Why I post here so seldom - answered?
Dec. 23rd, 2019 02:15 am
December 21, 2019 - me, spending time with my fantastic daughter, a couple of days past her fourth month on Earth.
The photo has nothing to do with the post; if anything, I've posted more in the year or so since I found out Asta was going to enter my world, than I had in the previous several years!
No, at least in part, I blame Facebook.
Right. Nothing new there. But maybe I get why others have also blamed Facebook.
It's not so much (or at least, not just) that Facebook is a big time-suck, but how it is. It's not just the eternal scroll, as it is the Endless Options.
You can do anything with a Facebook post. You can read part of it, or click to read some more of it, or click again to read all of it.
You can respond by: ignoring it or Liking (or using one of the other half-dozen emojis) it. You can further (with or without a Like) reply to it. Through typing; through the re-posting of a meme; through a shared video; with a gif.
If you choose words, you can actually start a conversation - but the result, more often than not - is confusing and hard to follow, because Facebook's system has been designed not to thread conversations. Unless the conversation includes only two people, it can very quickly become almost impossible to know who is speaking to who or about what at any given time.
Why bother?
All of which is to say, while I was busily trying to catch-up on my LJ and DW friends' pages, I found myself pausing, wishing I could click a Like button so that I could acknowledge my appreciation of, or support for, their posts, but the idea of replying with words, seemed ... well, hard.
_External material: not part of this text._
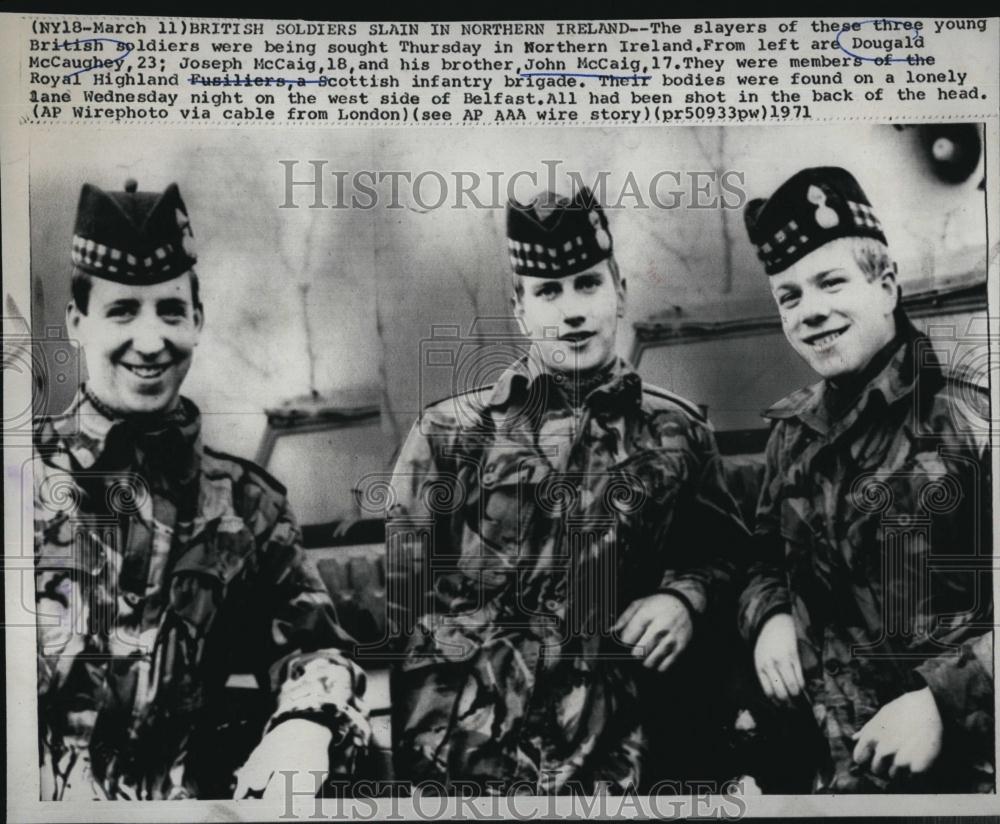 1971 Press Photo British soldiers, D McCaughry,J McCaig & John McCaig - Historic Images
Sometimes, because a post is of a kind that demands and deserves a considered reply - and I don't know the poster well enough to offer it - you just don't anything germane to say.
Sometimes, I worried that what I had to say would just be trite, a cliche.
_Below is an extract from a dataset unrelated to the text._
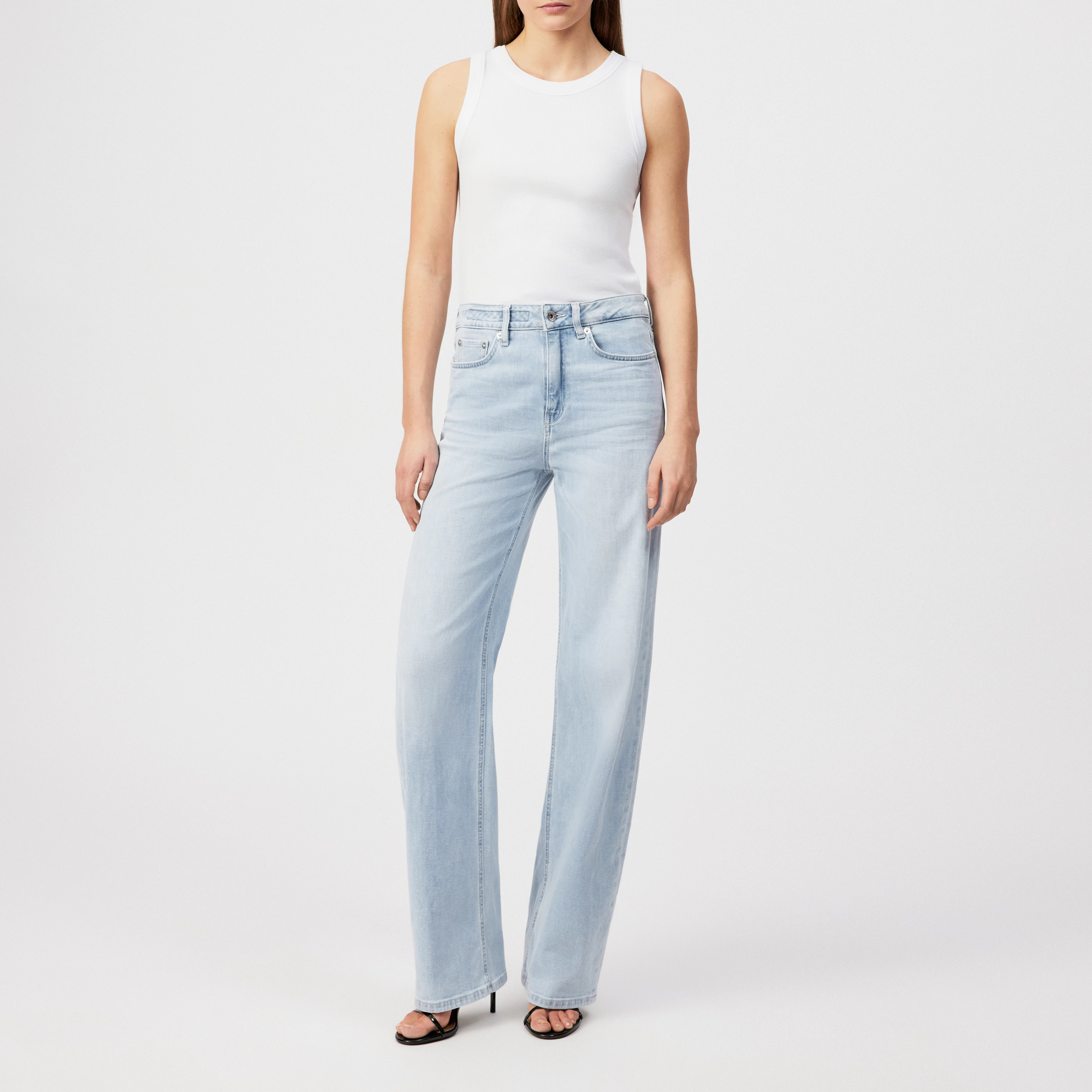 MEDLEY - Jean taille mi-haute en denim bleu clair - women - bleu - Ganzkörper-Frontansicht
Almost every time I wanted to, but didn't, offer a response, was because it would take time. More time than the same, or an analogous, action on Facebook would take.
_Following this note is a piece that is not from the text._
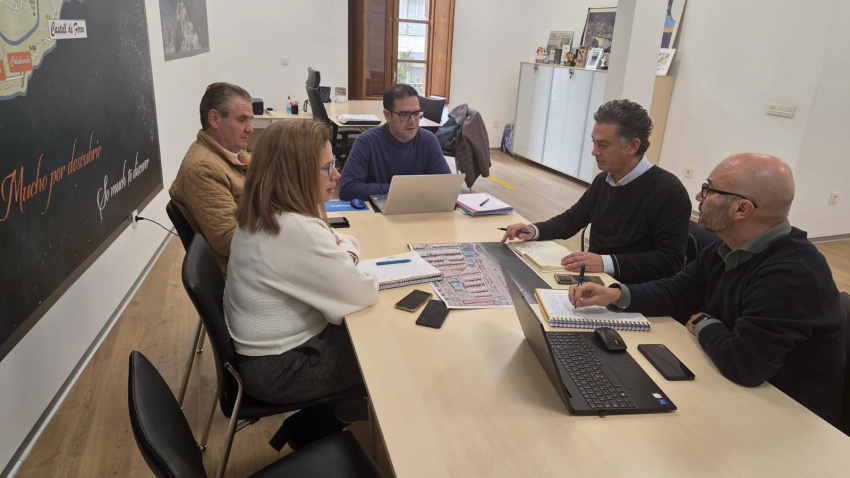 El temporal de Poniente devasta las playas de Granada y pone en jaque la campaña de Semana Santa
And Facebook has not only trained me to read fast, and carelessly, it has trained me to be lazy in interacting with others. Through both the carrot of endless things to read and look at, and the stick of labour, of craft and of thought.
So. Y'know. I'm gonna try and spend more time here. Post more. Comment more. Work more.
Hi there! Here's to the changing of the year!
If all this is as inane as I fear it might, I still absolutely deny indulging in a Perfectly Legal psychotropic substance purchased at a licensed facility mere blocks from my abode. Absolutely deny!